### Instructions for the task
Only the lines from the one containing "La boutique de l'olivier" through the end of the records should be retyped, exactly and including both ends; pictures stay out.

+++ Supplied data +++

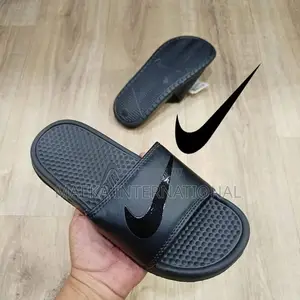 Nike Slide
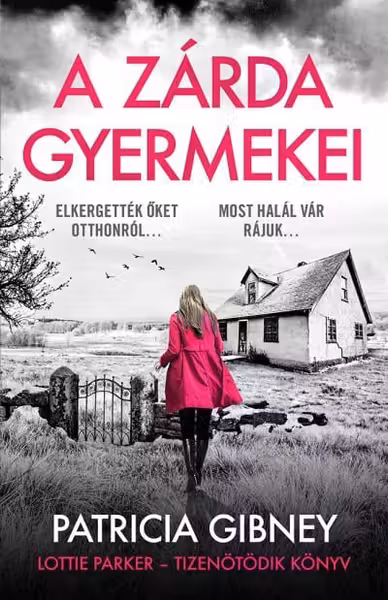 A zarda gyermekei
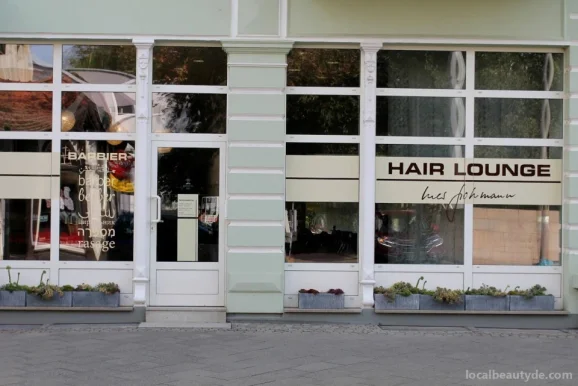 HAIR LOUNGE Ines Grohmann, Thüringen - Foto 2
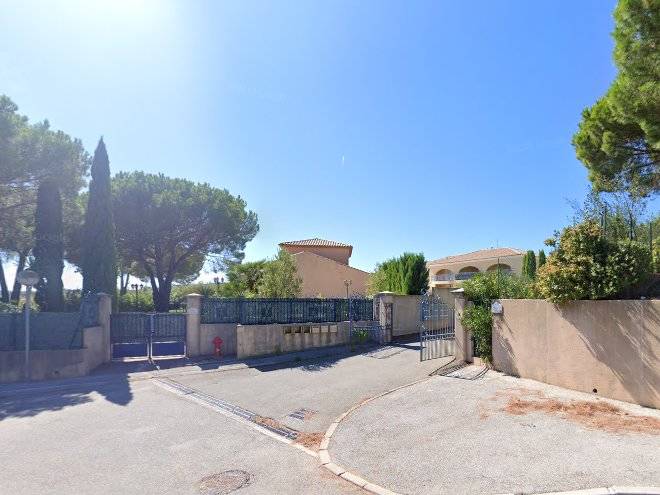 La boutique de l'olivier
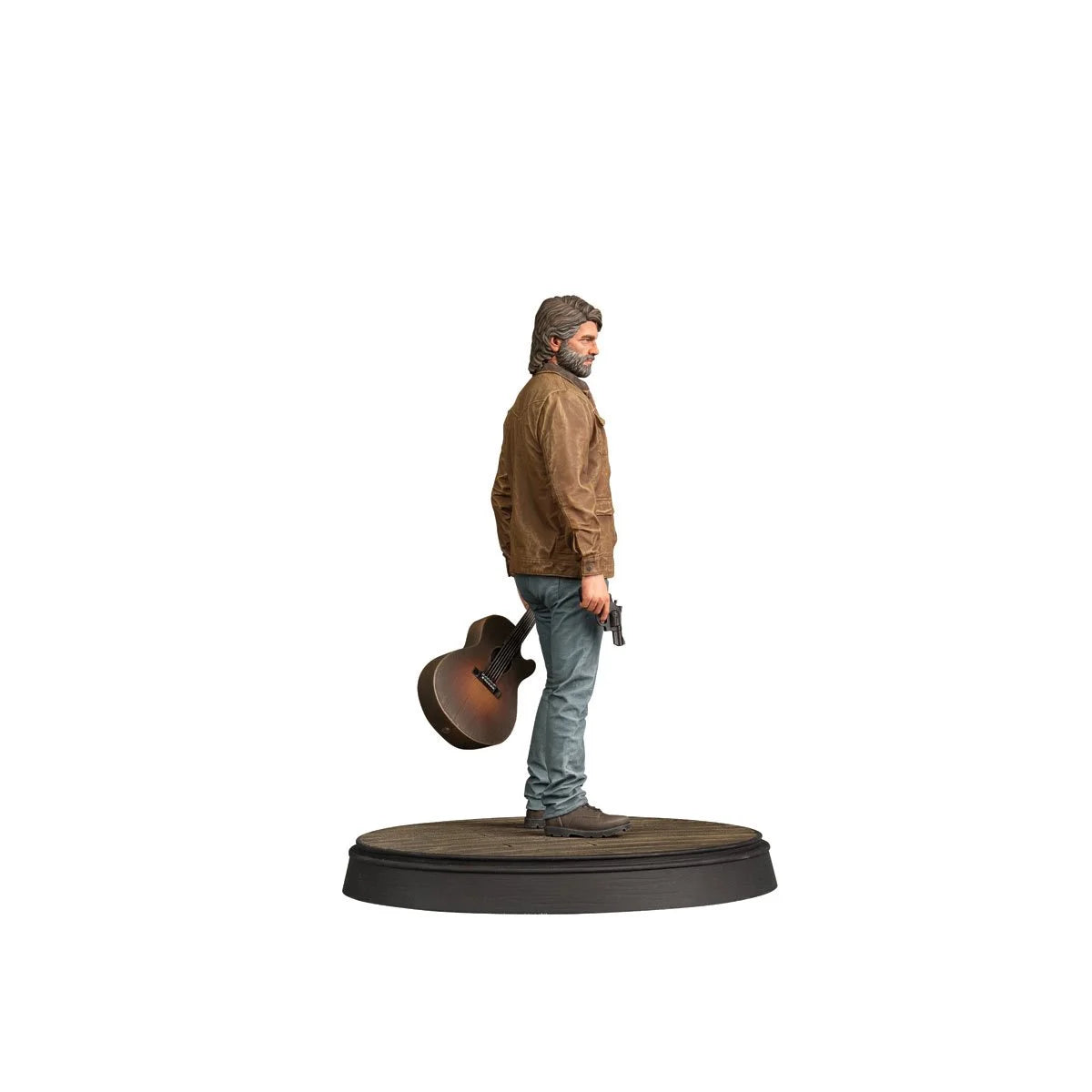 The Last of Us Part II: Joel 9-Inch Statue by Dark Horse Comics -Dark Horse - India - www.superherotoystore.com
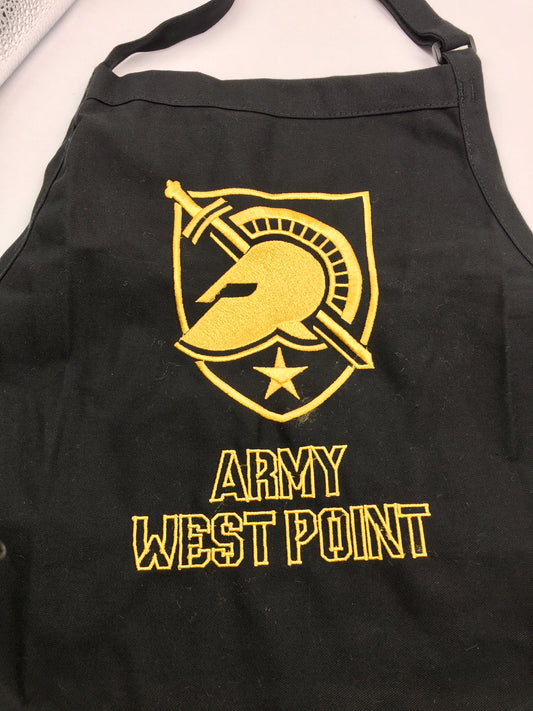 West Point Grandma Apron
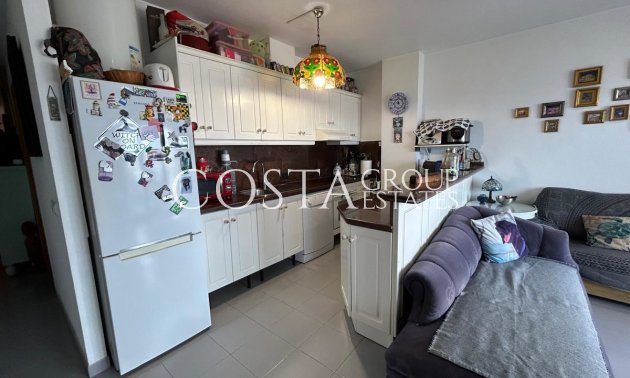 Herverkoop - Apartments -
Orihuela Costa - Playa Flamenca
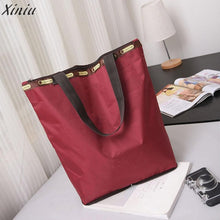 Women Handbag-Casual Tote- Canvas
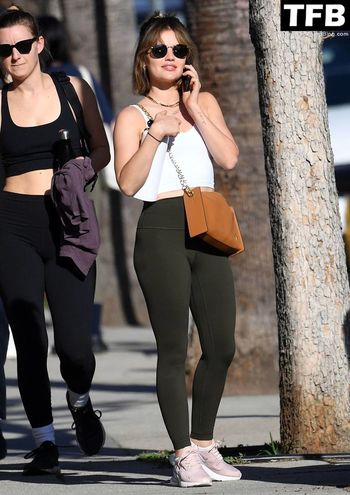 Lucy Hale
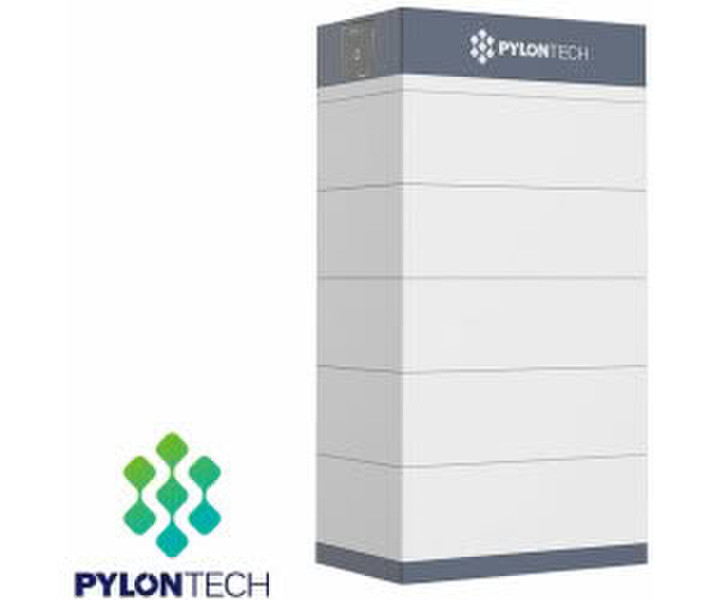Pylontech Force H3 25,6 kWh Hochvolt-Speicher
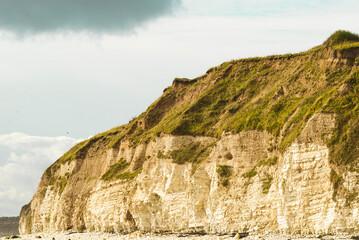 cliffs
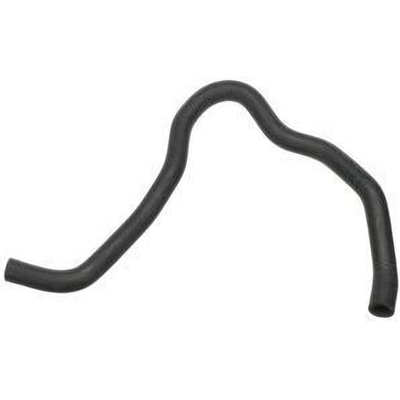 Molded Heater Hose by GATES - 12177 pa3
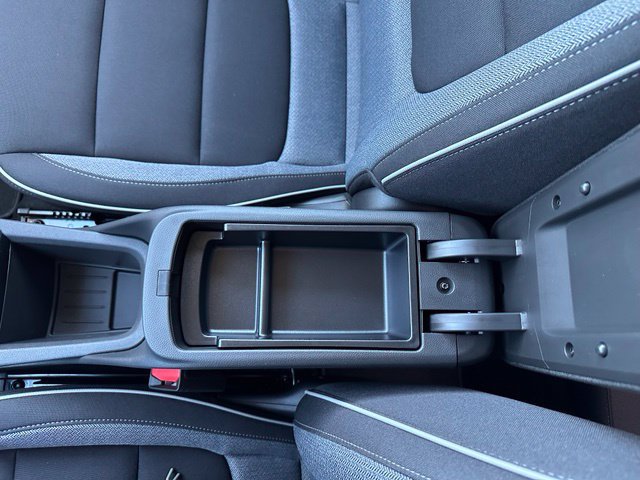 2026 Chevrolet Trailblazer LS - Photo 19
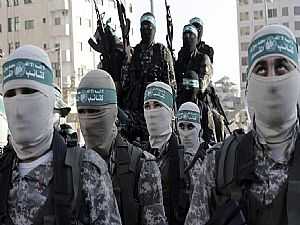 في ذكرى انطلاقتها.. حماس تتعافى من ثورات الاستئصال
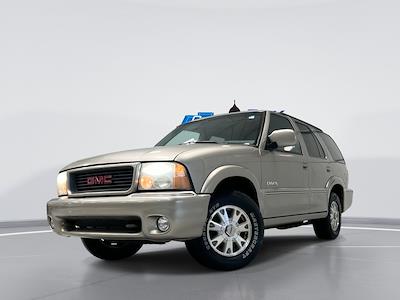 Used 2000 GMC Envoy 4WD SUV for sale #GM6417A - photo 1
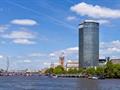 Serviced Office To Let in Millbank, Pimlico, London, SW1P 4QP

+++

### Response
 La boutique de l'olivier
 The Last of Us Part II: Joel 9-Inch Statue by Dark Horse Comics -Dark Horse - India - www.superherotoystore.com
 West Point Grandma Apron
 Herverkoop - Apartments -
Orihuela Costa - Playa Flamenca
 Women Handbag-Casual Tote- Canvas
 Lucy Hale
Pylontech Force H3 25,6 kWh Hochvolt-Speicher
 cliffs
 Molded Heater Hose by GATES - 12177 pa3
 2026 Chevrolet Trailblazer LS - Photo 19
 في ذكرى انطلاقتها.. حماس تتعافى من ثورات الاستئصال
 Used 2000 GMC Envoy 4WD SUV for sale #GM6417A - photo 1
 Serviced Office To Let in Millbank, Pimlico, London, SW1P 4QP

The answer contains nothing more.